Siemens Home Connect uygulaması sayesinde daha fazla leke türünü ve bunlar için geliştirilmiş özel programları keşfetmek de mümkün. Yani sadece “lekeyi çıkar” demekle kalmıyor, sizin için en doğru yıkama programını da otomatik olarak öneriyor. Böylece hem lekelerle uğraşmak zorunda kalmıyor hem de giysilerinizin ömrünü koruyorsunuz. 

Artık çocuğunuza yemek yedirirken dökülen yemek lekeleri, kahve kazaları ya da mutfakta sıçrayan yağ lekeleri sizi endişelendirmiyor. stainRemoval, günlük hayatın getirdiği küçük sürprizlere karşı en güvenilir yardımcınız oluyor. 

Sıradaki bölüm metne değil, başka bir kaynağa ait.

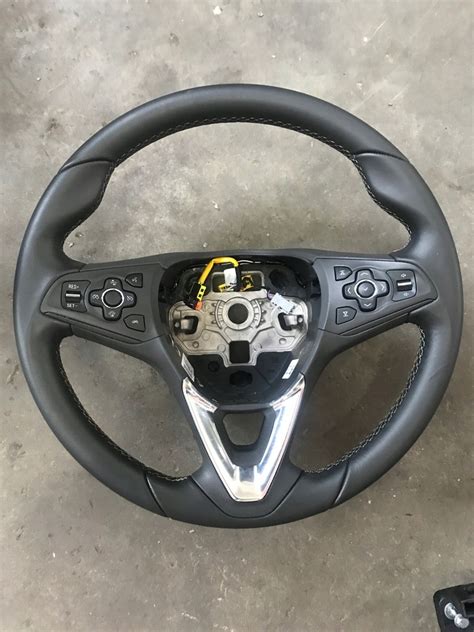 OPEL ASTRA K V KIEROWNICA SKÓRA JAK NOWA 8438285211 oficjalne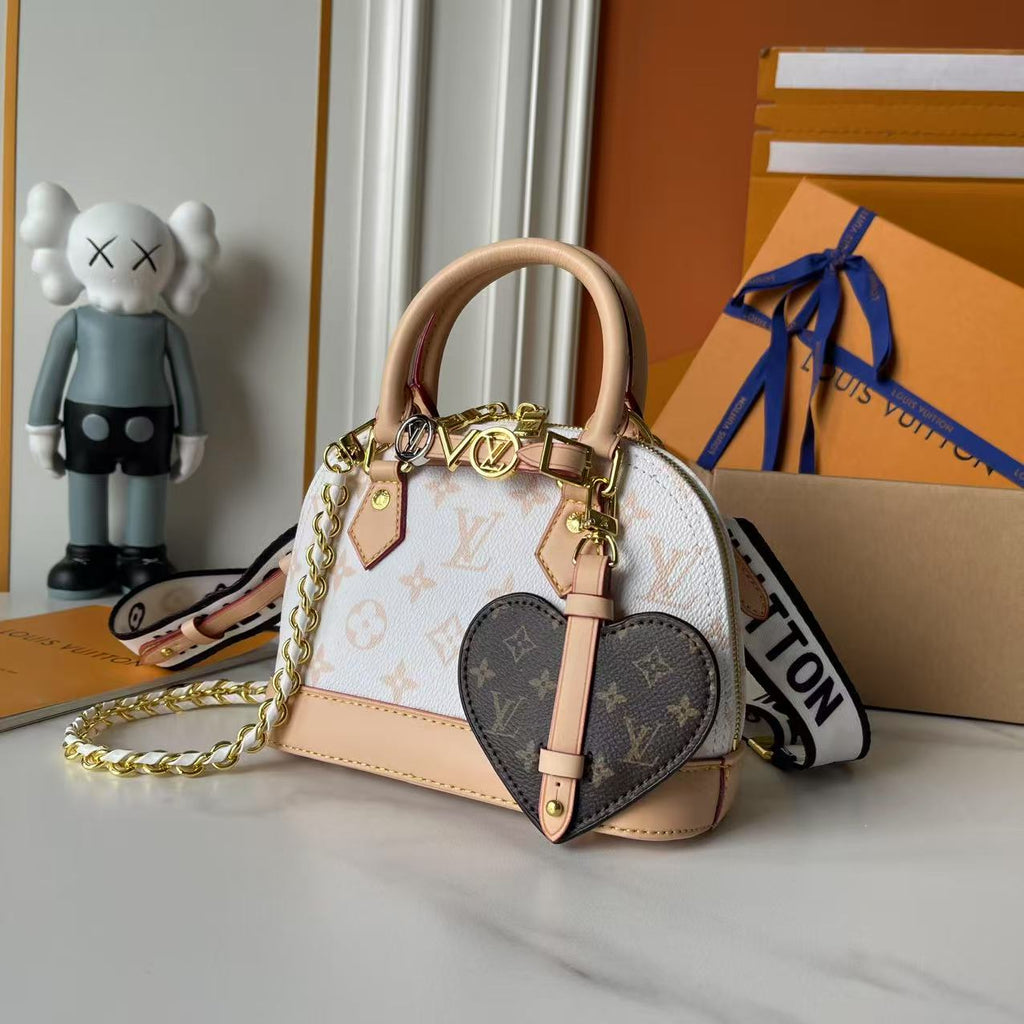 146PE95B Popular leather bag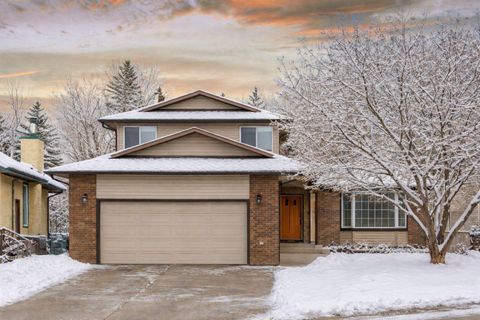 Photo of 436 Ranchridge Bay NW, Calgary, AB T3G 1V6 (MLS # A2301281)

Siemens iQ500 çamaşır ve kurutma makineleri, artık sadece kıyafetlerinizi temizleyen makineler değil; size zaman, konfor ve güven veren akıllı iş ortaklarınızdır. Ütüye harcadığınız vakti kendinize ayırın, lekelerle uğraşmayı unutun ve teknolojinin yaşam alanınıza uyumunun keyfini yaşayın.

*Bu yazı Siemens’in katkılarıyla hazırlanmıştır.